There are many factors to consider.
Vanguard offers Admiral shares of their S&P 500 VFIAX with a minimum investment of $10000 which has a .05% expense ratio, or you can buy VOO, an ETF with a .05% expense ratio. VFINX can be bought with a minimum investment of $3000, with an expense ratio of .17%, but you can get that discounted if you use electronic statement delivery through Vanguard, at which point your expense ratio is pretty close to the admiral shares. If you are using some provider other than Vanguard, you may also pay trading fees to buy Vanguard funds. You also have to wait until the end of the day prices for trades, so you won't have the protection of stop-loss orders if you want to trade in a volatile market.
If you are buying from another broker, you will often pay fees to buy and sell ETFs, but if you have a Vanguard account you can buy Vanguard ETFs (like VOO - their S&P ETF with a .05% expense ratio) without paying a fee.
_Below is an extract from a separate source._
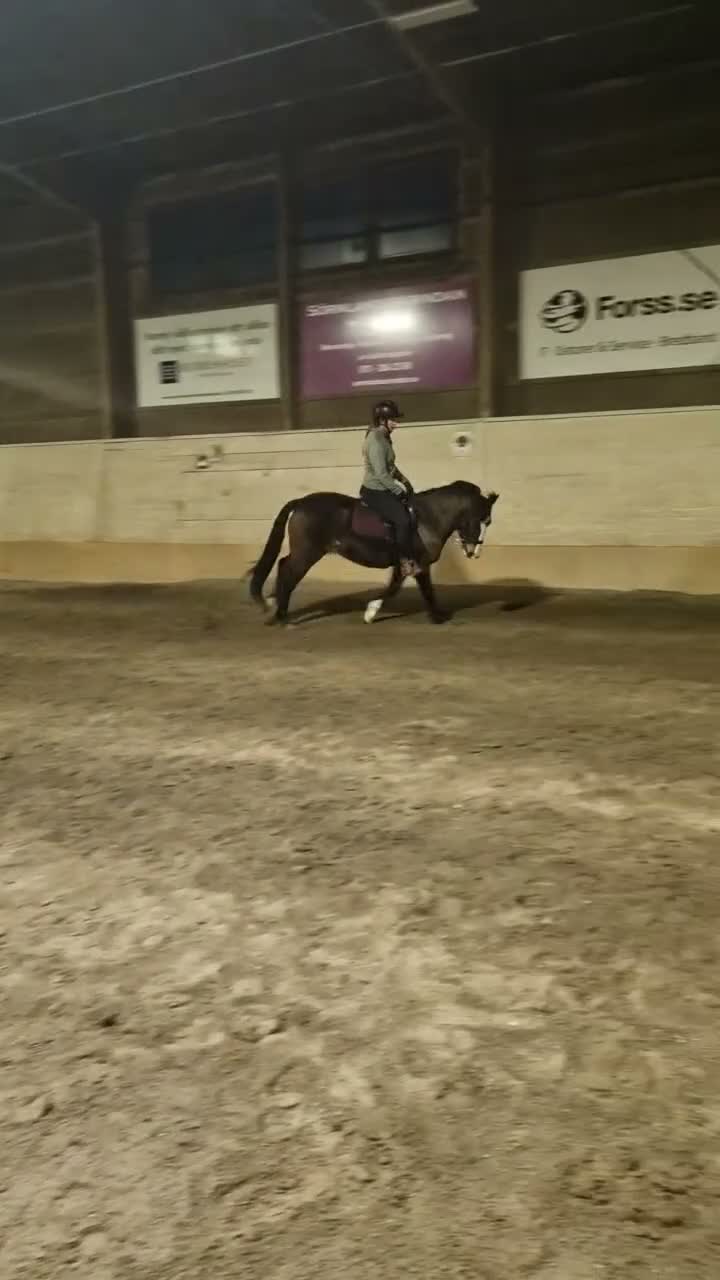 Allround hästar till salu: Ljuvligt sto för allround ❤️ - Video 4
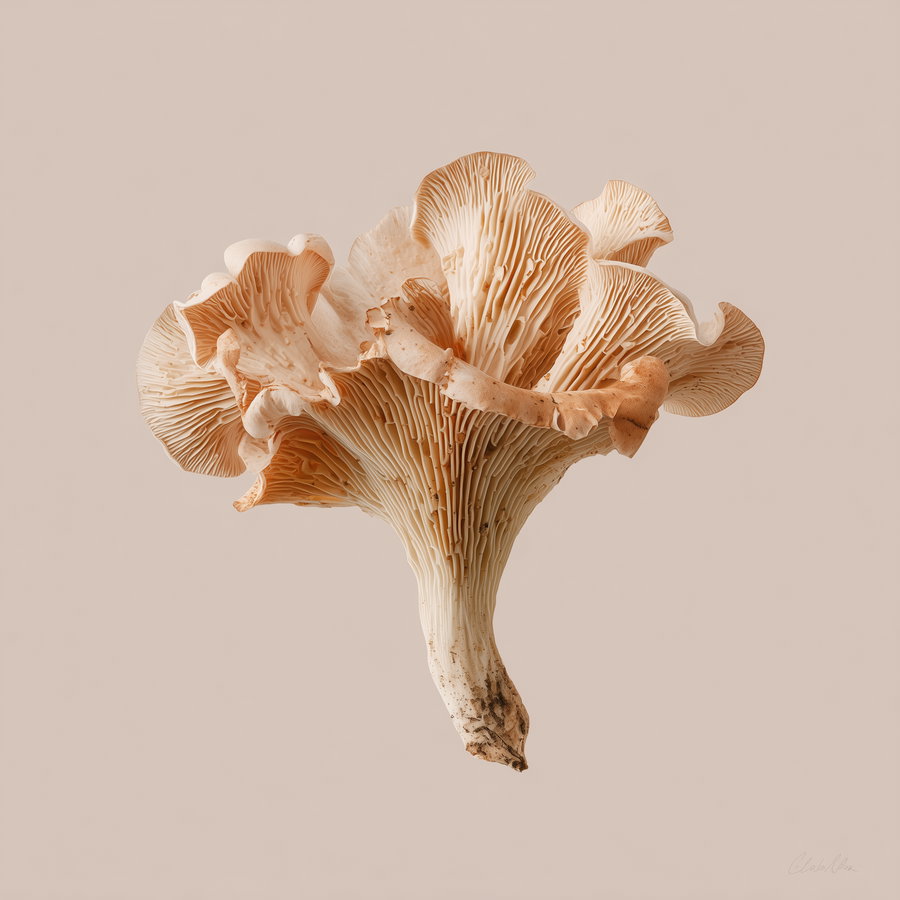 A close-up image showing the intricate underside and gills of a beige mushroom against a soft tan background.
Even with a Vanguard account, you can only buy whole shares of VOO, so you can only invest in increments of ~$186 (the current price at the time of writing).
So to summarize, you can invest better granular amounts with a mutual fund, but you have a large minimum investment if you want the lowest expense ratios, with only day ending prices to trade on. You can buy the ETFs directly, but you have to factor in exchange fees to your expense calculations if you are paying those fees. If you are paying those fees, then your incentive is to make larger and less frequent investments, and even if you aren't paying those fees, you can't necessarily trade even-dollar amounts.